# Required action:
With the pictures left aside, write out exactly the lines of the listing below from the line with "SILKY JERSEY V-NECK" to the line with "Alex Formenton SIGNED", both included, and only those.

# Excerpted data:
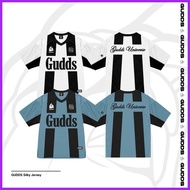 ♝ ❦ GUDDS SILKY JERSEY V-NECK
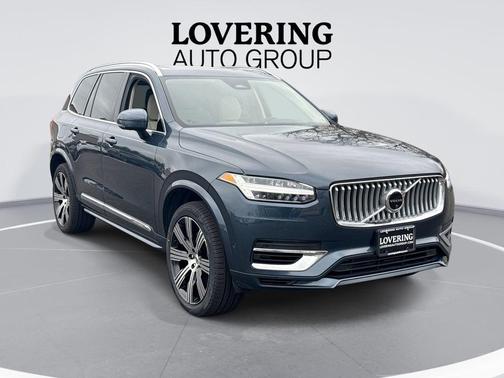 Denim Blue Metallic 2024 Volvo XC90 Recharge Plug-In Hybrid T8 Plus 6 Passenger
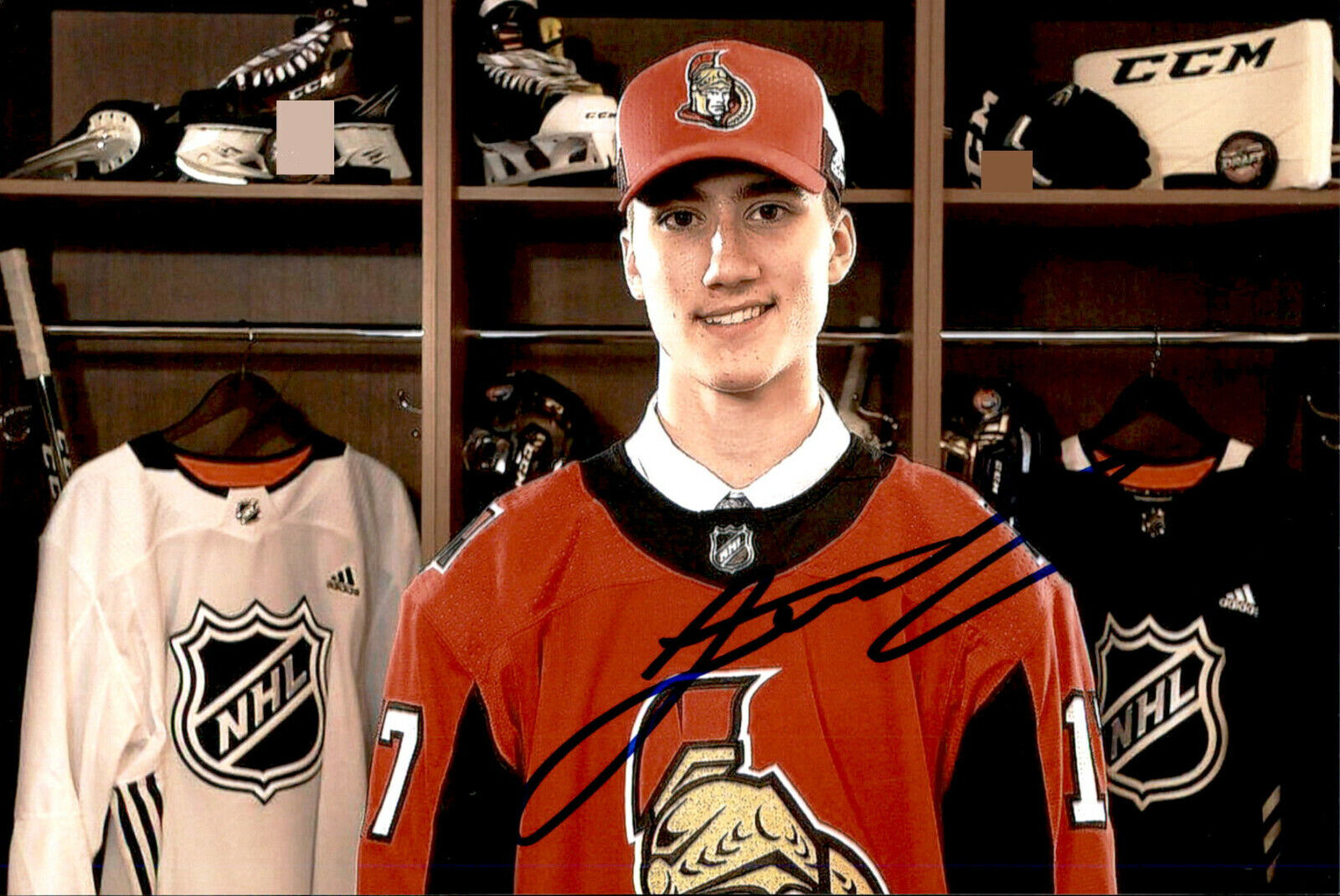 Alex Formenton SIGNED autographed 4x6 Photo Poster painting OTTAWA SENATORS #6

* * *

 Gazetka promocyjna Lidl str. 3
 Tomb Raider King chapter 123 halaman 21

# Result of the task:
 ♝ ❦ GUDDS SILKY JERSEY V-NECK
 Denim Blue Metallic 2024 Volvo XC90 Recharge Plug-In Hybrid T8 Plus 6 Passenger
 Alex Formenton SIGNED autographed 4x6 Photo Poster painting OTTAWA SENATORS #6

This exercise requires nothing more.